Previous Issues | Current Headlines | Point of View | Obituaries


BB&T Lowers Its Estimates On Monro Muffler Brake

BB&T Capital Markets has cut its fiscal third-quarter forecast for Monro Muffler Brake based on one weather event (Hurricane Sandy) and one weather non-event (snow).

Analysts Bret Jordan and David Kelley contend in a Dec. 7 report that Sandy has created headwinds for much of Monro’s Mid-Atlantic and Metro New York markets, with residual sales softness and more than 250,000 cars removed from the regional parc via storm damage.

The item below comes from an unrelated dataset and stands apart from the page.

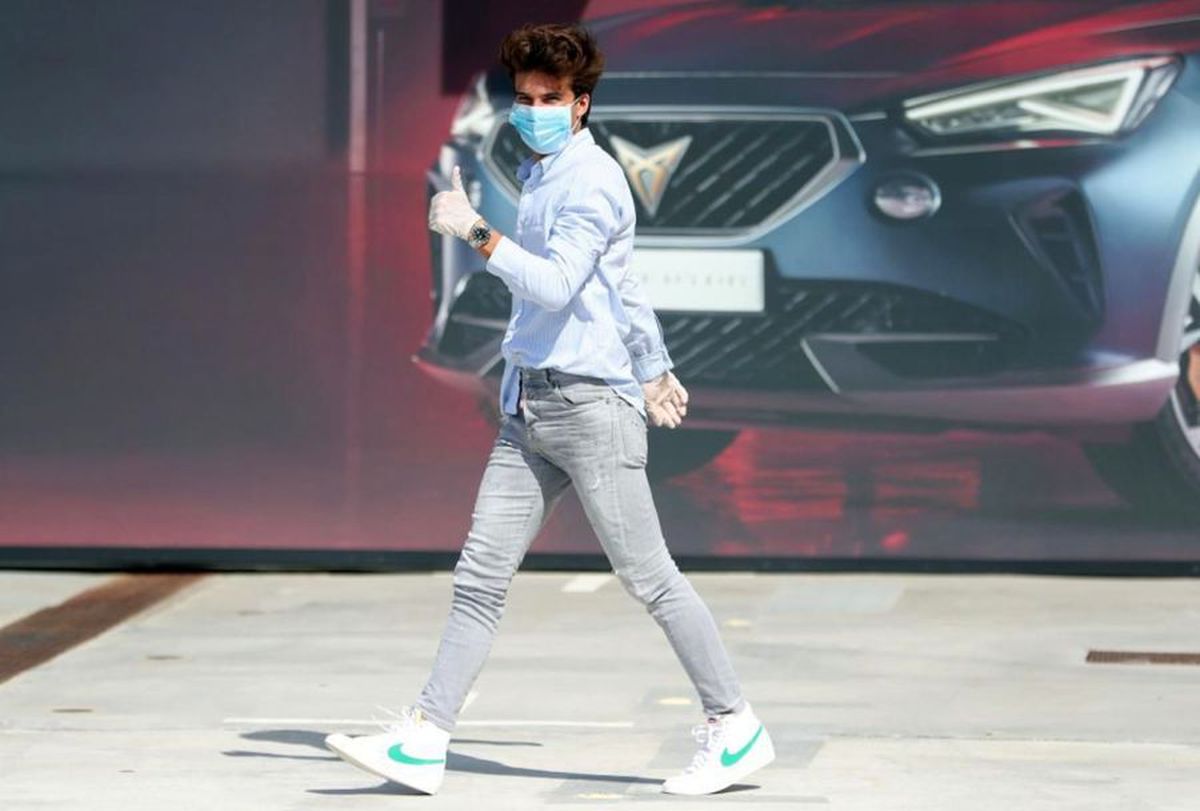 Real Madrid a reușit o lovitură sonoră » Spaniolii anunță: „A semnat până în 2023!”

Additionally, they point out in their report that snow has yet to spur tire demand. In fact, no material snow is forecast in Monro’s major markets through mid-December, leading Jordan and Kelley to surmise that tire volumes will remain soft in the fiscal third quarter ending in December.

“While December is one of the first ‘easy’ comps against last year’s ‘winter that wasn’t’ (December 2011 -10 percent comp), channel checks and peer commentary lead us to believe that we remain mired in weak demand,” the BB&T analysts wrote. “Assuming weather projections are correct and there is no meaningful snow before the third week of December, we think it is unlikely that tires can compete with the Holidays for consumer spending.”

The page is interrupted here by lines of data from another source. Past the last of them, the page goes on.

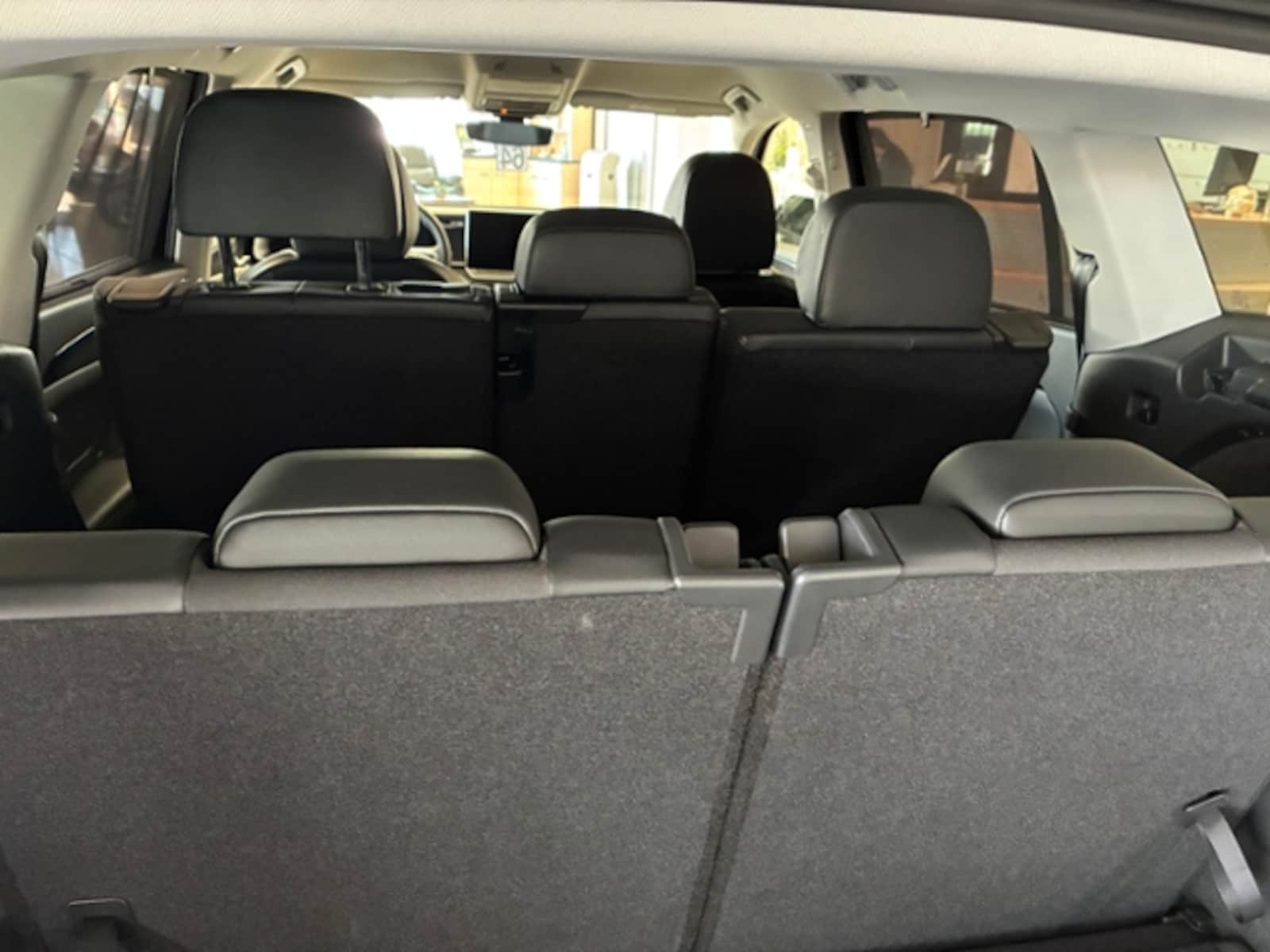 Volkswagen Tayron – Bild 8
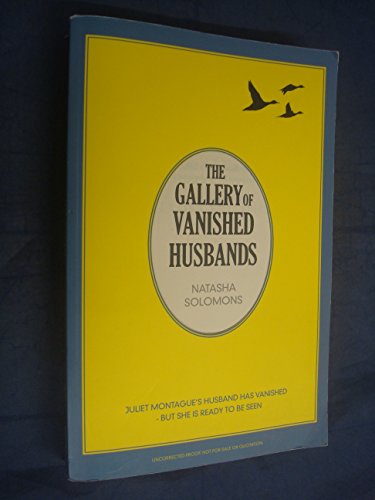 9781444736359: The Gallery of Vanished Husbands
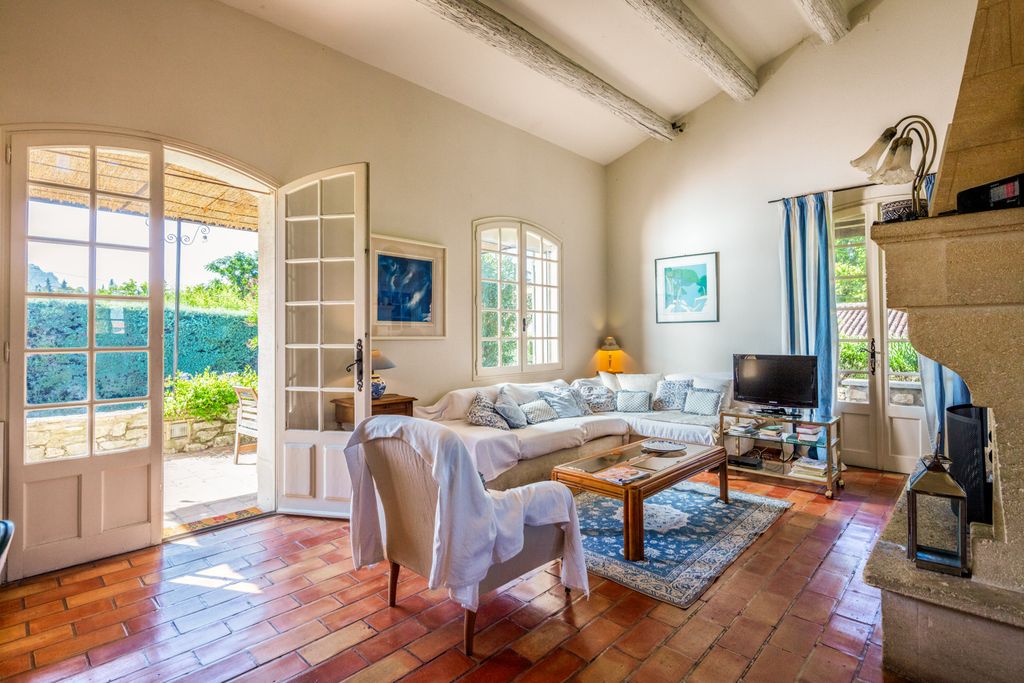 Villa Vitour Provence Olivers Travels 3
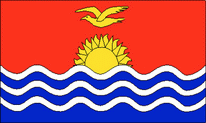 Flagge Fahne Kiribati 90x150 cm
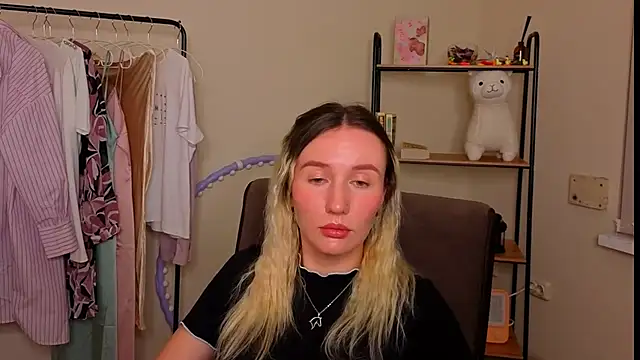 Webkamerová show AshleyySchwartz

Therefore, BB&T has lowered its fiscal third-quarter comparable-store sales expectation to -4 percent, which is below management’s guidance calling for comps to come in flat (at best) to -3 percent (at worst). Similarly, BB&T has lowered its earnings per share (EPS) forecast to $0.33. This also falls outside of Monro’s guidance, calling for EPS to come in between $0.35 and $0.40 for the quarter.

Nonetheless, BB&T has a longer-term favorable view of aftermarket demand and expectations of tire recovery with winter weather, leading the analysts to retain their “buy” rating on Monro’s shares.

One thing working in Monro’s favor, Jordan and Kelley point out in their report, is that costs are improving. “While demand remains in the ditch, Monro continues to benefit from lower input costs as manufacturers continue to reduce prices and Monro’s purchasing scale improves with acquisitions,” the analysts wrote. “As we remain confident that industry tire volumes will improve with the onset of winter … we expect Monro is positioned to generate improved sales and margins in Q4.”